Sin duda que fue un acto de autonomía criolla lo de la Junta del 18 de Septiembre de 1810. Pero más tuvo de proteccionismo institucional colonial y lealtad a los intereses del Rey de España. Y de protección de los propios intereses de la aristocracia santiaguina, realista y clasista. Misma aristocracia que muy luego despreciaría al “huacho Riquelme”, cuando ya gobernante abolía sus títulos nobiliarios. Ellos conspiraron también para rebajar los signos sureños de la primera bandera.
Por mandato de Bernardo O’Higgins, la elaboración de la bandera de la Patria Nueva fue responsabilidad de Ignacio Zenteno, quien al parecer encargó el diseño a Antonio Arcos. Pero hay quienes señalan que este fue realizado por Gregorio de Andía y Varela. La misma discusión dividida para la primera confección: se afirma que fue obra de Dolores Prats de Huici. Pero da la impresión que –por las fechas y por la Jura de la bandera que se hizo en el sur- la primera fue de manos de las hermanas Pineda de Concepción.

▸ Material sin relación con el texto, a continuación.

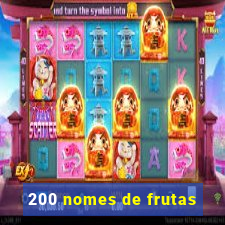 200 nomes de frutas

Recordemos que la Declaración de la Independencia fue fechada en la ciudad de Concepción a 1 de enero de 1818, y aprobada y firmada por el Director Supremo Bernardo O’Higgins en Talca el 2 de febrero siguiente. Por su parte, la ceremonia de Jura de la independencia se realizó en Santiago el 12 de febrero del mismo año, fecha del primer aniversario de la batalla de Chacabuco. Resulta lógico pensar en requerir el símbolo del pendón ya en las instancias de declaración y firma, pues toda la fuerza guerrillera patriota que se desplaza desde Santiago hacia el sur, termina concentrándose en Concepción y Talcahuano, a la espera de refuerzos. Para las hermanas Pineda, quienes en su taller de costuras habrían hecho nacer la bandera en Concepción (se habla que esa confección fue para la fiesta de la Virgen del Carmen, patrona del naciente ejército nacional, en noviembre de 1817). Así ellas incluirían la estrella de Arauco, en cuanto “lucero del alba”, el que naturalmente correspondía a una cara devoción de ellas: era uno de los apelativos de la Virgen María, que en latín se le llama “stella matutina”. Si bien la estructura y los colores son similares a los de hoy, varios detalles distintivos llaman la atención. Primeramente, constaba de dos escudos diferentes al centro (uno por cada lado).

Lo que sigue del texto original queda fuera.